Hurricane Harvey was the second costliest storm in U.S. history, the National Hurricane Center said in a new report released Thursday.
The center’s Tropical Storm Report was released five months after Harvey made landfall on the Texas coast.
The late August storm cost an estimated $125 billion in damage, the administration said. That puts it after only Hurricane Katrina, which caused an estimated $161 billion in damage, according to the report.
The report is one of the most comprehensive pictures yet of the extent of Harvey’s damage. More than 300,000 structures in southeastern Texas were flooded, as were up to 500,000 cars, according to the report.
The storm is blamed for 68 direct deaths, including three in Galveston County. The report counts a direct death as those caused by drowning, or killed by lightning or a wind-related structural collapse.
Other deaths, such as ones caused by heart attacks or house fires, were counted as indirect deaths.
Galveston County officials attributed eight county residents’ deaths to Harvey in the weeks after the storm.
The 36 direct deaths attributed to Harvey make it the deadliest U.S. Storm since Sandy in 2012, and the deadliest hurricane to hit Texas since 1919.
Rain from the storm made Harvey “the most significant tropical cyclone rainfall event” in the United States since reliable records began in the 1880s, the report says.

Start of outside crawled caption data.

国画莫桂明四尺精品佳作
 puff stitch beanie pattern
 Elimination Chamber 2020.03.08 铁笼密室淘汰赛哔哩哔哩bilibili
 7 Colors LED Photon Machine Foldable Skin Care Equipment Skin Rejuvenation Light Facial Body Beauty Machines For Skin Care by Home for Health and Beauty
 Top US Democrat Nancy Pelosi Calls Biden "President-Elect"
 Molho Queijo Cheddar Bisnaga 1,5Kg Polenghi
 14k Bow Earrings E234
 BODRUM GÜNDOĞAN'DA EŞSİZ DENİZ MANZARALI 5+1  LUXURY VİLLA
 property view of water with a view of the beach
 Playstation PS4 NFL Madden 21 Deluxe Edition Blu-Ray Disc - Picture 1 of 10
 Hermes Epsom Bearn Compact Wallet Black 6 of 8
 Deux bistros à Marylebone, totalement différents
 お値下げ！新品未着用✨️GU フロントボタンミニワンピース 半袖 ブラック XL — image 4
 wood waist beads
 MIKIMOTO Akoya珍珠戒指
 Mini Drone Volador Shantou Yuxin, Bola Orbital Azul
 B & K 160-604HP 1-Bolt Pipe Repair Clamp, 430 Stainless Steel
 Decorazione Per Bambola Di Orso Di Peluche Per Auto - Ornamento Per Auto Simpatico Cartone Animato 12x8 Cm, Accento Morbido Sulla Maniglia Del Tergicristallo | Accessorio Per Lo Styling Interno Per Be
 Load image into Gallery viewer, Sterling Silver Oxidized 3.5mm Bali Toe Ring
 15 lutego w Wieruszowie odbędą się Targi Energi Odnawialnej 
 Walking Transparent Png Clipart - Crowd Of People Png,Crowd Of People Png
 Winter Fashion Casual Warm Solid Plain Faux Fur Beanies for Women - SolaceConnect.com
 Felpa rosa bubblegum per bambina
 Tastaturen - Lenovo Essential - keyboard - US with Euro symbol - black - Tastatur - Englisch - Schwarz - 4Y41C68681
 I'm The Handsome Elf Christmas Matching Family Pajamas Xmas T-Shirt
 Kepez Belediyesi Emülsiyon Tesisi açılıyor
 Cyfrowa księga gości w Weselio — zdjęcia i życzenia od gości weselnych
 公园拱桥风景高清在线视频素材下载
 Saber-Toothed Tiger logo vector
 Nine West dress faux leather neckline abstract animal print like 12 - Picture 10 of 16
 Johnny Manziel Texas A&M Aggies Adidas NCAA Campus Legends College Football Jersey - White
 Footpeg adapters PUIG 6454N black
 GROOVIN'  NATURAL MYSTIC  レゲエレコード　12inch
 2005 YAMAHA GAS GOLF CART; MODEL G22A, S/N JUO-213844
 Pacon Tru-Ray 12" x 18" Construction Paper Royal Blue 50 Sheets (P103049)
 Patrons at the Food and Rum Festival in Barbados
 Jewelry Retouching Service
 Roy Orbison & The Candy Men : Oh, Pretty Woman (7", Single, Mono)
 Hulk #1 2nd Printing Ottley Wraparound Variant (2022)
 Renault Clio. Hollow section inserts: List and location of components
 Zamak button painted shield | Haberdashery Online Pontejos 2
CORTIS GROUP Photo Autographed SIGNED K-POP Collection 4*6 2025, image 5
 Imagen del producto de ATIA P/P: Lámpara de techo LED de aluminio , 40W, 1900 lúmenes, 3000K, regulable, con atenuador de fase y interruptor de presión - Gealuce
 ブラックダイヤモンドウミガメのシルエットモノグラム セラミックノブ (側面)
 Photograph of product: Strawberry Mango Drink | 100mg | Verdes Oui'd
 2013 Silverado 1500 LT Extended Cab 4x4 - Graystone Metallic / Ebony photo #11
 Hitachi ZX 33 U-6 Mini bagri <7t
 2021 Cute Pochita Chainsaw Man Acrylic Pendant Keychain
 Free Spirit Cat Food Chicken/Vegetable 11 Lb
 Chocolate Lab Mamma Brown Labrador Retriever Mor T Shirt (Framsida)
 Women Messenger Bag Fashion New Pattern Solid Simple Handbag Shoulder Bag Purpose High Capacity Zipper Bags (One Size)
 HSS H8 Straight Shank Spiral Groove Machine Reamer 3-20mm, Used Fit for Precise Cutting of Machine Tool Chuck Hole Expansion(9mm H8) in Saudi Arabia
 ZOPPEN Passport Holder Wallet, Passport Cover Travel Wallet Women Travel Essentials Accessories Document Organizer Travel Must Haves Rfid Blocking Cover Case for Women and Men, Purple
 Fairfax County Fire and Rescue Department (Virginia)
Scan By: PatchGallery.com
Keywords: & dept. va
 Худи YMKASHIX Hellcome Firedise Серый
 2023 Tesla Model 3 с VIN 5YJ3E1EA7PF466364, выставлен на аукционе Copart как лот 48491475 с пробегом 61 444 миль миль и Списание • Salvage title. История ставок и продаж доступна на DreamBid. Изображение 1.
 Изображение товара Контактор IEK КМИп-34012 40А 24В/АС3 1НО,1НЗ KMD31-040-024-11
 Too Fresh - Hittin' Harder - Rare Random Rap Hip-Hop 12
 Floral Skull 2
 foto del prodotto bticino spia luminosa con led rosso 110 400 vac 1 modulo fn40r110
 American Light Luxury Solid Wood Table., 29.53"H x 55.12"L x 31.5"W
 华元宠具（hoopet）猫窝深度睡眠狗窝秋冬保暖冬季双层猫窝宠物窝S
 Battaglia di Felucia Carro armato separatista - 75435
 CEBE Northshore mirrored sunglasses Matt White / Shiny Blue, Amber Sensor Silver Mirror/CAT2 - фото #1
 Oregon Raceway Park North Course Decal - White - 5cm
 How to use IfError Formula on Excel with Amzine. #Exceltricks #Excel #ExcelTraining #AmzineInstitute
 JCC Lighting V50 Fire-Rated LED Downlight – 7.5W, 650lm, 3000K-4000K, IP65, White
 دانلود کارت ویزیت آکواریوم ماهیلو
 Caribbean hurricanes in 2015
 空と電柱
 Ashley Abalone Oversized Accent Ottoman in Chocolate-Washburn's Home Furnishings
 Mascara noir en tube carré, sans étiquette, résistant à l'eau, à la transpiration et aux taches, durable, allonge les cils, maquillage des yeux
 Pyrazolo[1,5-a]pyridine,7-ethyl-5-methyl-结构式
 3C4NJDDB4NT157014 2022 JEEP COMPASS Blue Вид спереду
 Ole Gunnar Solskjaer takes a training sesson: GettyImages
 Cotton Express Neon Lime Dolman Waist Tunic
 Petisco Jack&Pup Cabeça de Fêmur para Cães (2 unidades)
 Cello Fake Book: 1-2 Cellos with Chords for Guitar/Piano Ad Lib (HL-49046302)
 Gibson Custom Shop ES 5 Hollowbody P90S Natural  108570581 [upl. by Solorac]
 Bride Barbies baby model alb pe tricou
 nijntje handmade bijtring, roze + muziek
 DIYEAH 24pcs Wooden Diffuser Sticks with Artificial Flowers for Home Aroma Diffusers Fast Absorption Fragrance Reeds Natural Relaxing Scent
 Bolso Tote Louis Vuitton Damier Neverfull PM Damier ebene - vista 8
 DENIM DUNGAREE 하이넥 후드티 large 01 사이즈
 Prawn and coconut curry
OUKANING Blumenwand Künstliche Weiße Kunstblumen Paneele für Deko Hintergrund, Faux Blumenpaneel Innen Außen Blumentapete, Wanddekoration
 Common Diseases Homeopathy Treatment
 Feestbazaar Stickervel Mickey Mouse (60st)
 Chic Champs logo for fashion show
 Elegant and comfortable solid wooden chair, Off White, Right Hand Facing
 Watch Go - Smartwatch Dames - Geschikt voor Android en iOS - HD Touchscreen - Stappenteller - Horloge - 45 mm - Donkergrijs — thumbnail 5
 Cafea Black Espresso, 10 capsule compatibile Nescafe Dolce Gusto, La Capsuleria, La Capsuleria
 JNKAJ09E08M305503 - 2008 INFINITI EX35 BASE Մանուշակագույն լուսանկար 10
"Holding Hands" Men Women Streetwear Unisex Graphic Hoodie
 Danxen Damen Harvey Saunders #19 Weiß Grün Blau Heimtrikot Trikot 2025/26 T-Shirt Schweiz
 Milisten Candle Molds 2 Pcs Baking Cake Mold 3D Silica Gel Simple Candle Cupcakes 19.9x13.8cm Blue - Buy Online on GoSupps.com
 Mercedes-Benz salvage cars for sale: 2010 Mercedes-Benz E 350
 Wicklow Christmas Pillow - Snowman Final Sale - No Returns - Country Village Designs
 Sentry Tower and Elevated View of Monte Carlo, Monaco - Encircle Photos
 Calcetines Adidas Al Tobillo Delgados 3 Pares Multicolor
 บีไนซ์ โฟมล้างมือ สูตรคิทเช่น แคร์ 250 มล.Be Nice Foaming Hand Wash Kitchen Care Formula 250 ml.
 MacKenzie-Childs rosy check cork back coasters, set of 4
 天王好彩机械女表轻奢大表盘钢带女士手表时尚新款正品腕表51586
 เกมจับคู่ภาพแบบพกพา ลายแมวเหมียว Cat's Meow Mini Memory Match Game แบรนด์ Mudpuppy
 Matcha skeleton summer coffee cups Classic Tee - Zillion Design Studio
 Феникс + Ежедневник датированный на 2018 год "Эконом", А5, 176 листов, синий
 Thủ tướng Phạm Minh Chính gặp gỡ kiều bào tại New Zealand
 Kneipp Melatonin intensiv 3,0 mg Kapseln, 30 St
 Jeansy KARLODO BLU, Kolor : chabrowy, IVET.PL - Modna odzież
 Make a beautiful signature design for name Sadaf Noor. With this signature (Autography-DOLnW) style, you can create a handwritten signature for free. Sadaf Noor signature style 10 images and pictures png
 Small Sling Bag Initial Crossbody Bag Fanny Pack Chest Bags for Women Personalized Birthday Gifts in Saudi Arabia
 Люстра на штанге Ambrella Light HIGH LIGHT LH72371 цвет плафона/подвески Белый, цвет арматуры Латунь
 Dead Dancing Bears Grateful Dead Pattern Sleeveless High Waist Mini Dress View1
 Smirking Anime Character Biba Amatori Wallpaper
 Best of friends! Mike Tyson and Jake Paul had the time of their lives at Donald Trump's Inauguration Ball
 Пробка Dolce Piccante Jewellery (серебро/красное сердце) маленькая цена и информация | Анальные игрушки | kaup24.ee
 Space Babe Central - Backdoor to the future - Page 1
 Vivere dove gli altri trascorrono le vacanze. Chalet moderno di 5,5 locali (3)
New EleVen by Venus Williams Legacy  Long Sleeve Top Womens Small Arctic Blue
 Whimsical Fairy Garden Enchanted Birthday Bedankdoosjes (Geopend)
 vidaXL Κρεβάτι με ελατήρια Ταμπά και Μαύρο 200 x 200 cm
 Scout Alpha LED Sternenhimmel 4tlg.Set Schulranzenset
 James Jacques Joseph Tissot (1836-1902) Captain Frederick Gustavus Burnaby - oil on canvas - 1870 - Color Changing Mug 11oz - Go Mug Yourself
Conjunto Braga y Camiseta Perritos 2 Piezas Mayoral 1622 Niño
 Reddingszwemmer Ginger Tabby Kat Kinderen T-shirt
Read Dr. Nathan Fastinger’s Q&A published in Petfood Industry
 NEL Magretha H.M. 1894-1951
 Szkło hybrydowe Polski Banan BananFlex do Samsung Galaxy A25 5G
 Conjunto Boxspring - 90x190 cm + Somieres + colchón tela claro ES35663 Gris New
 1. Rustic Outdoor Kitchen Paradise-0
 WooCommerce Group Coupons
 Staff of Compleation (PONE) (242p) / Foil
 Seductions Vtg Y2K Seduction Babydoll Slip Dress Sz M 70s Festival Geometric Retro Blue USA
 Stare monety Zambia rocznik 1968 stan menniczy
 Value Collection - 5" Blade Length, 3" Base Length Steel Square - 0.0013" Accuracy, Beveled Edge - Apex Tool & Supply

The highest single amount of rainfall was recorded by a gauge in Nederland, a small city just north of Port Arthur. That gauge recorded more than 60 inches of rain.
The highest recorded total in Galveston County was in Friendswood, which recorded 56 inches of rain between Aug. 25 and Aug. 31.
Those totals were far more than the National Weather Service predicted in the days and hours before the storm. The service initially predicted a total of 20 inches of rain in some areas as Harvey formed in the Gulf of Mexico.
Just hours before the storm made landfall, forecasters increased their prediction to up to 40 inches of rainfall, a figure that still proved to be under the ultimate total of the deluge.